Эта идущая по грязной дороге Ида, с грузом еще толком не переваренной беды, прошлого, которой свалилось на нее неожиданно, и из-за которого она набралась опыта больше, чем переспав с мужчиной – она все также непроницаема. Ты понимаешь, что ей сейчас больно, возможно, но ведь возможно и нет? Ты понимаешь, что она простила, но ведь возможно и не простила? Ты, на самом деле, ничего не понимаешь. Одно, кажется, несомненным, и это одно только можно прочитать на ее все также непроницаемом лице – лице монахини или святой – что она повидала мир, как ей советовала мать-настоятельница, она испробовала его соблазны и грехи, и этот мир ей показался и отвратительным большей частью, и, местами, прекрасным.
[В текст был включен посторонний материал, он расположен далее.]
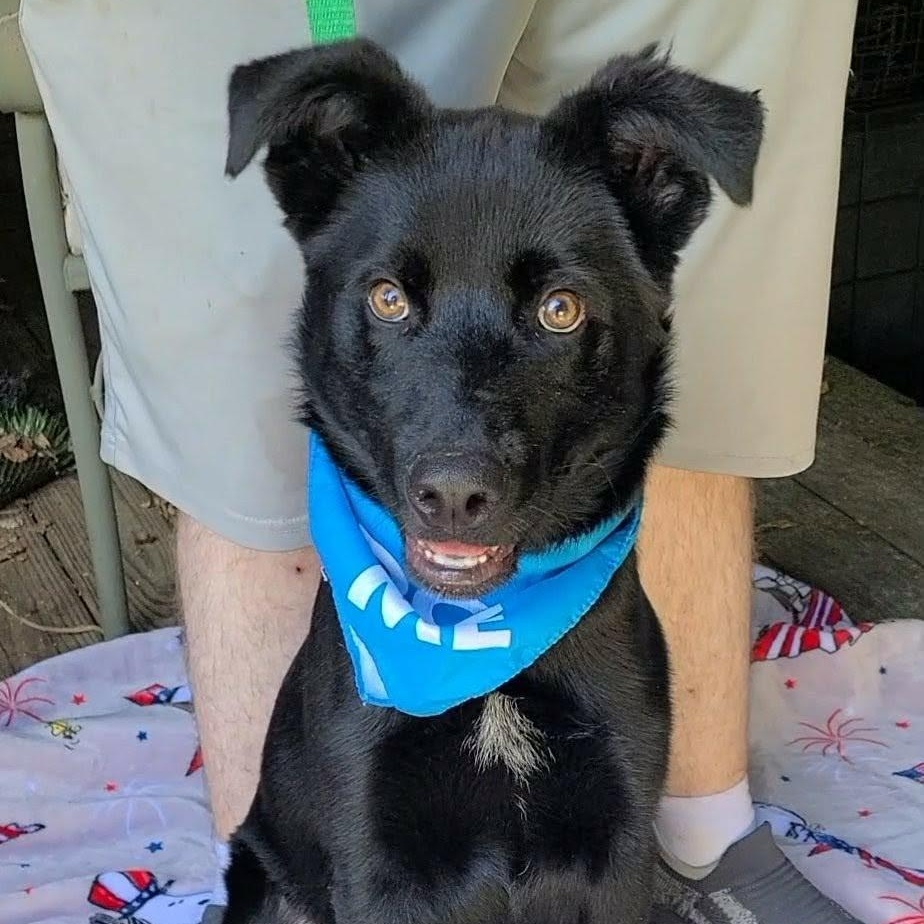 Enlarge Rex, a ADOPTABLE mixed breed in Woolwich, ME image 3/4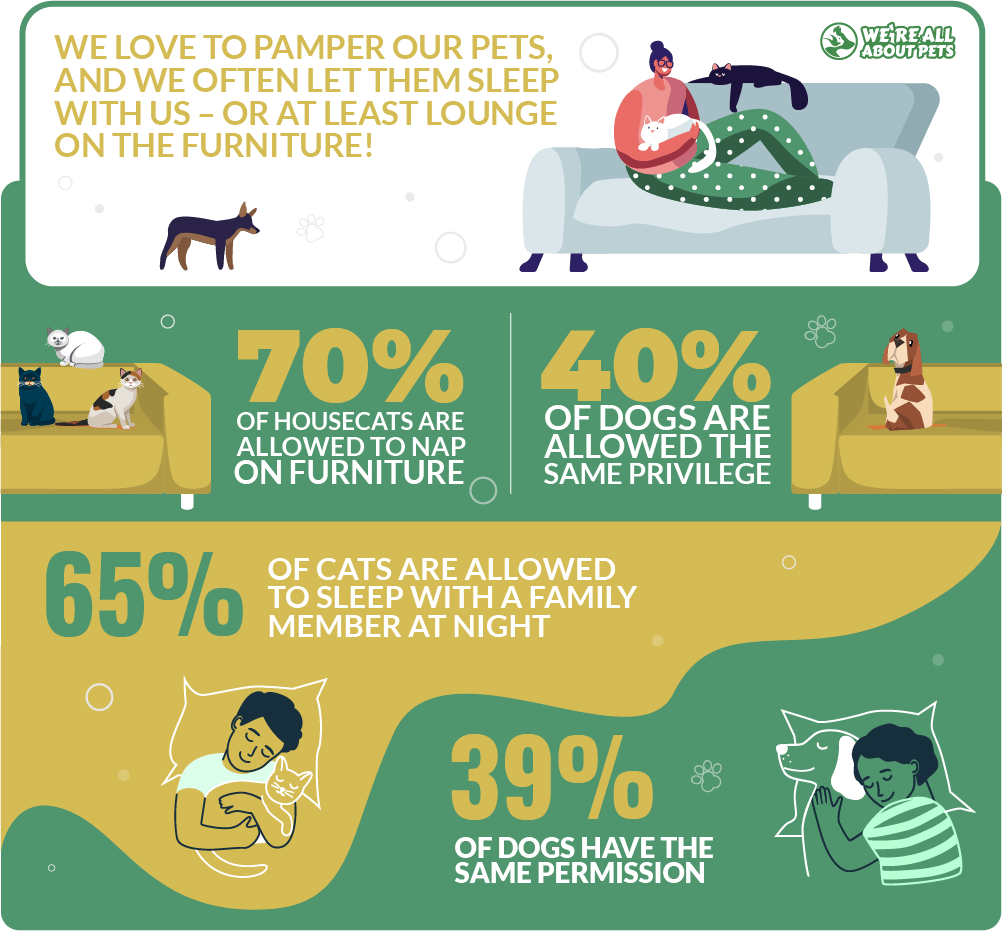 Pampering our pets statistics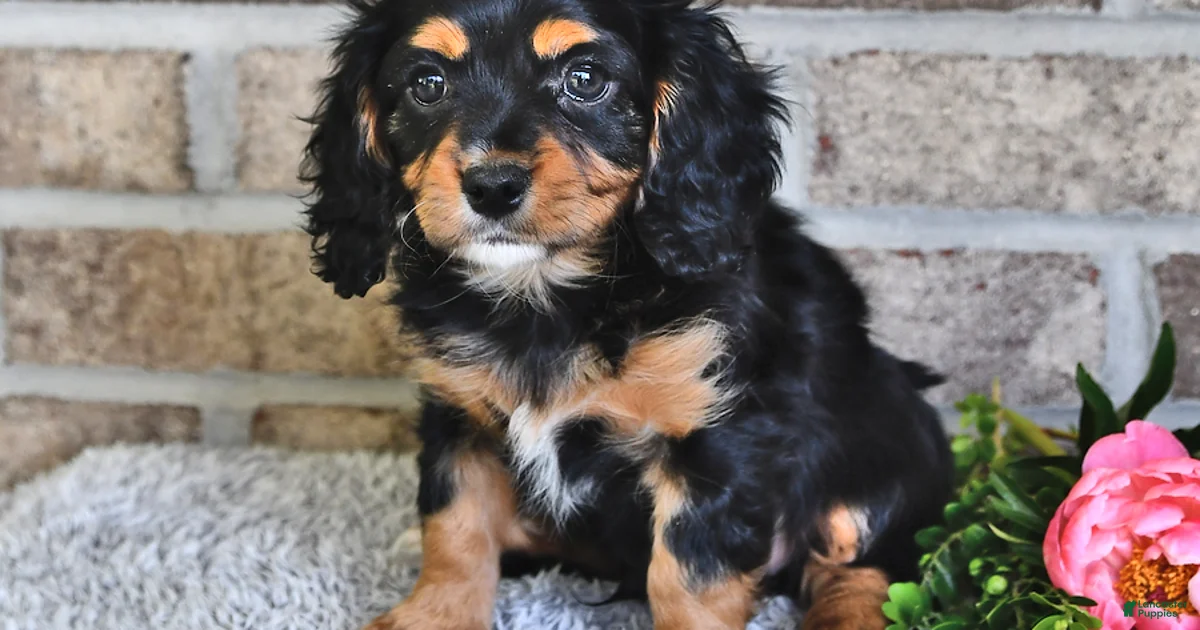 Cavachon Puppies For Sale In Richmond Virginia Lancaster Puppies cavachon-puppies-for-sale-in-richmond-virginia-lancaster-puppies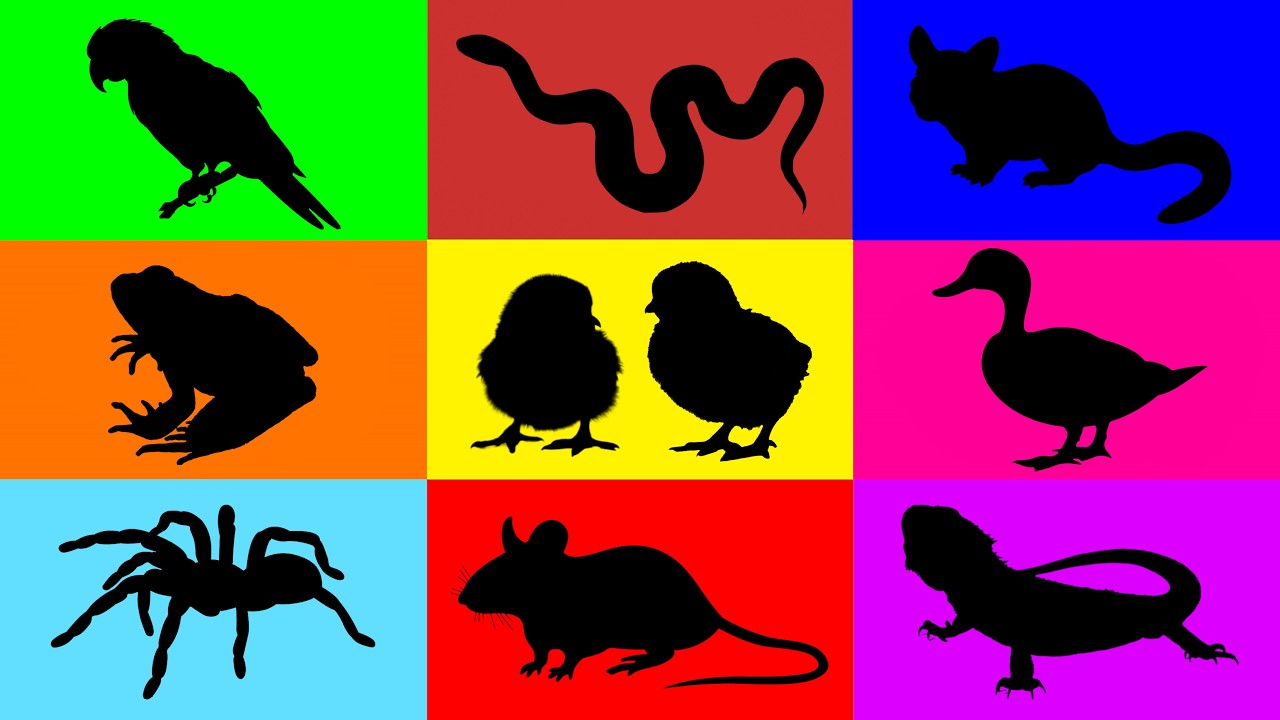 Домашние животные: Кукурузная змея, Тарантул, Цыпленок, Мышь, Бородатая ящерица, Утенок, Лягушка ...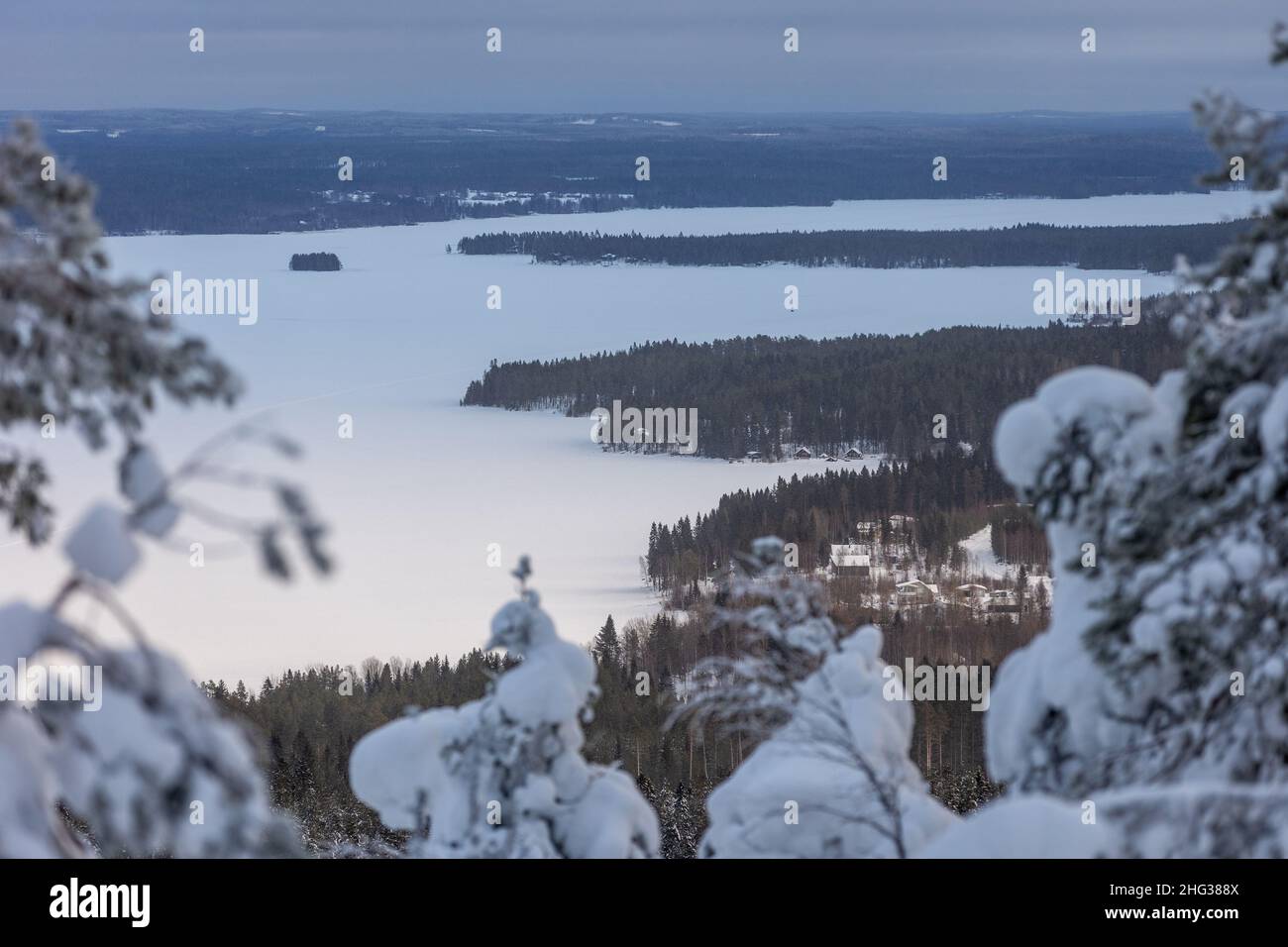 Landschaft vom Vuokatinvaara-Hügel im Winter in Vuokatti, Finnland. Stockfoto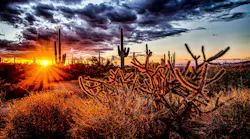 Photo: Unsplash/Robert Murray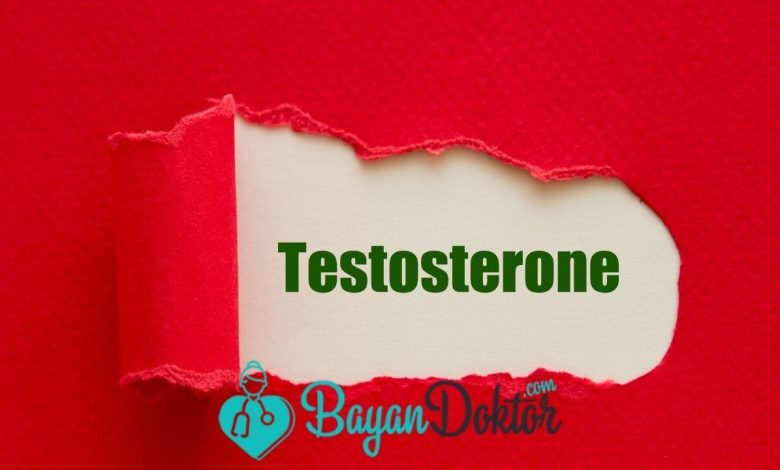 Testosteron Hormonu Nedir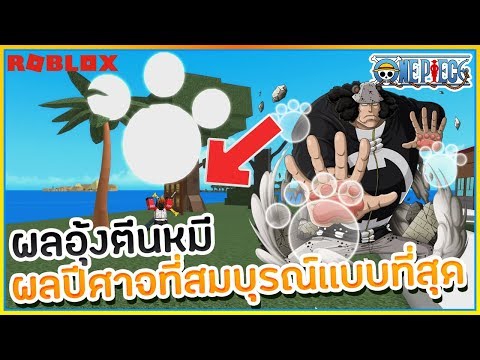 Sin Roblox Dragon Ball Z Final Stand 2 เเค ค ยก โหดได เมฆส ทองเพ อนร ก ᴴᴰ Youtube Sinroblox Dragon Ball Z Final Stand 1 ฉ นจะเป นราชาเเห งการต อส Sinroblox Dragon Ball Z Final Stand 1 ฉ นจะเป นราชาเเห งการต อส Sin Roblox Dragon Ball Z Final Stand 2 เเค ค ยก โหดได เมฆส ทองเพ อนร ก ᴴᴰ Youtube
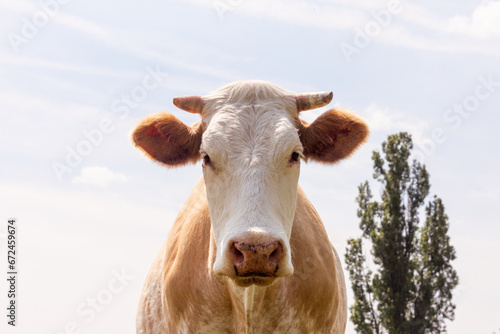 Cow portrait against blue sky photo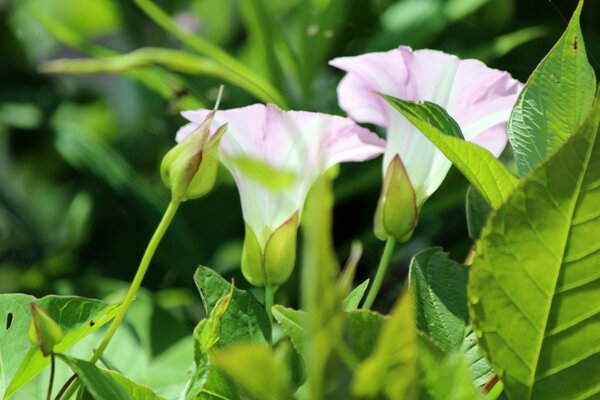 Fleurs dans son environnement naturel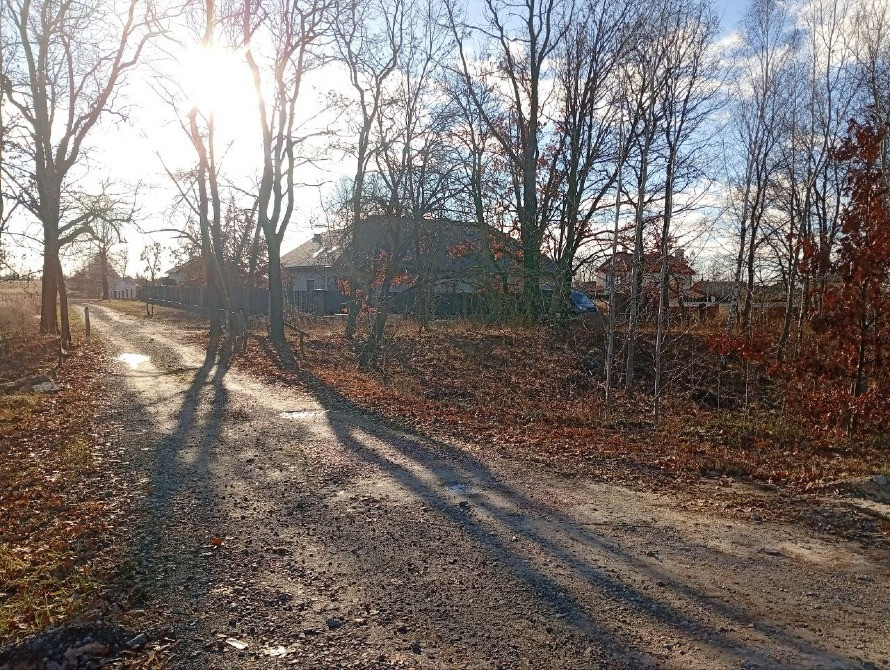 Княжичі. Продам фасадну ділянку 84сот Бровары - изображение 5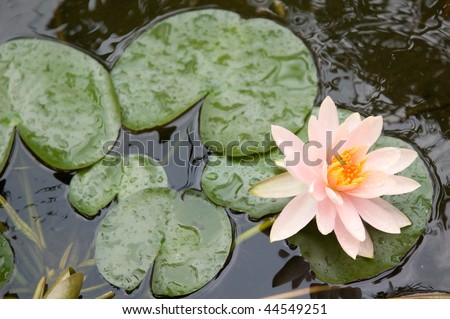 pond lily in the pond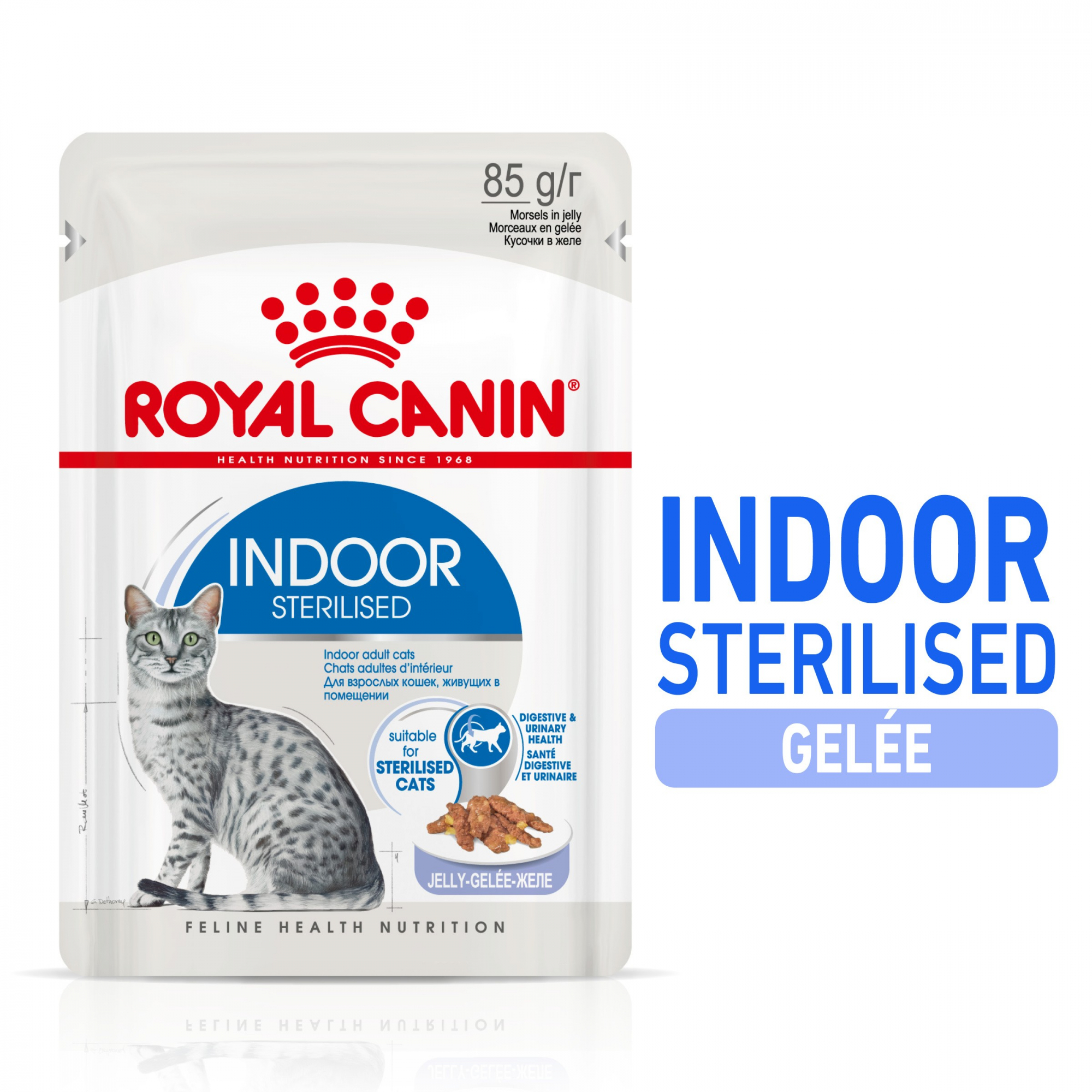 Royal Canin INDOOR STERILISED Bouchées en gelée pour chat d'intérieur stérilisé de 1 à 7 ans
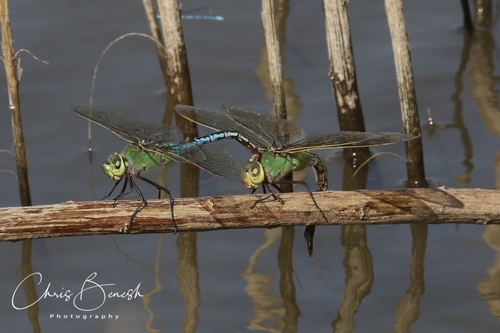 Common Green Darner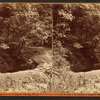 Mouth of the cave.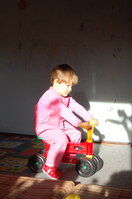 an1_008782.jpg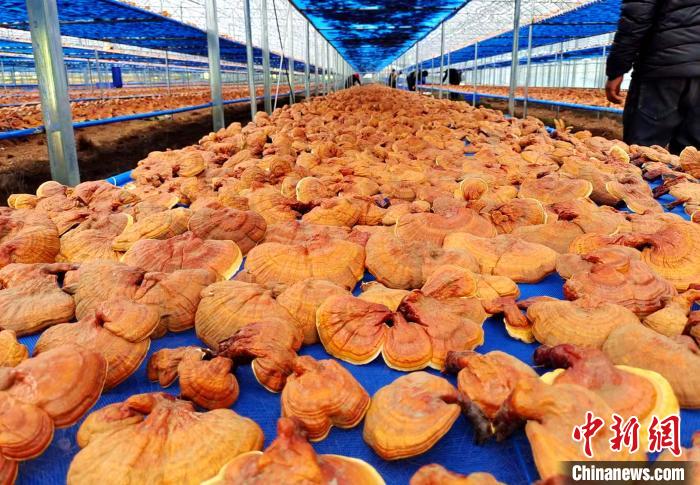 圖為紅太陽科技示范家庭農場采收的靈芝。　平措旺青供圖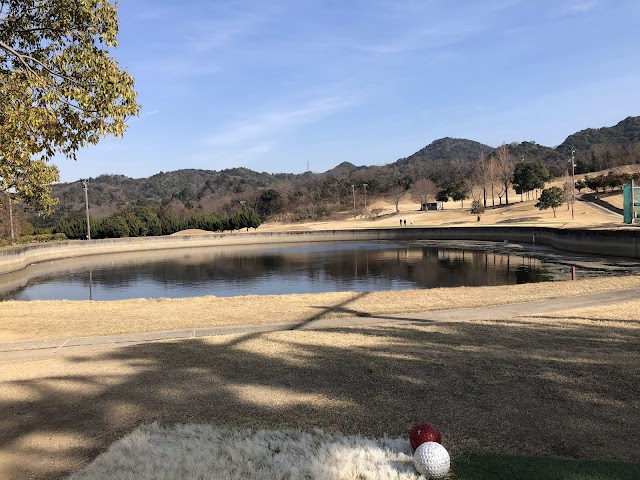 Shoji Golf Club (18H Par 60) - Photo 7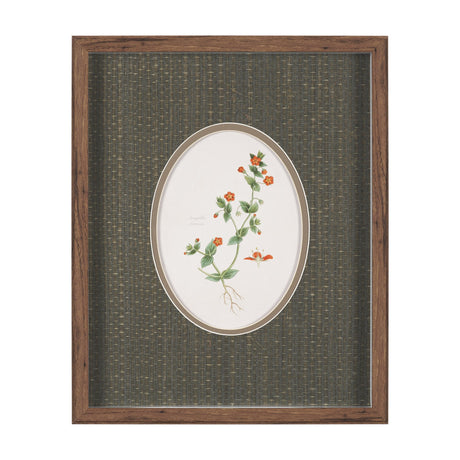 Anagallis Arvensis Flowers by Pierre Joseph Redoute a Hand Embellished Framed Print under Glass from Mercana - Luna Furniture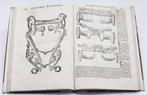 Ferraro Pirro - Cavallo Frenato - 1620, Antiek en Kunst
Но ей он все равно не понравился. Она хочет к нему – к той некрасивой, грязной статуи Христа, вокруг которого нарезают круги монашки бедного полуразрушенного монастыря. И так страстно хочет, что идет, не глядя под ноги, идет по грязи, быстро, прочь от любви, костей, еврейского прошлого, Холокоста, самоубийства, поляков-антисемитов, провинциальной Польши. И почему-то понимаешь, что это не поражение ее, а победа. Ее вера вообще, и вера в лучшее, в частности, как-то соединились в одно. Вот если бы она не вернулась, потому что: я же еврейка, что делать мне среди католиков; мне не место среди тех, кто, так или иначе, причастен к смерти моих родных; бога нет, потому что не может его быть, когда было в прошлом такое; и так далее, и так далее, и так далее – вот если бы она не вернулась, потеряла бы и веру в Бога, и веру в лучшее, и даже веру в людей. Наверное. Но не факт. Все это просто мысли у тебя в голове, когда ты видишь идущую по сельской дороге Иду. Как бы она не поступила, и что бы не сделала – знаешь, она все равно святая, и все равно права.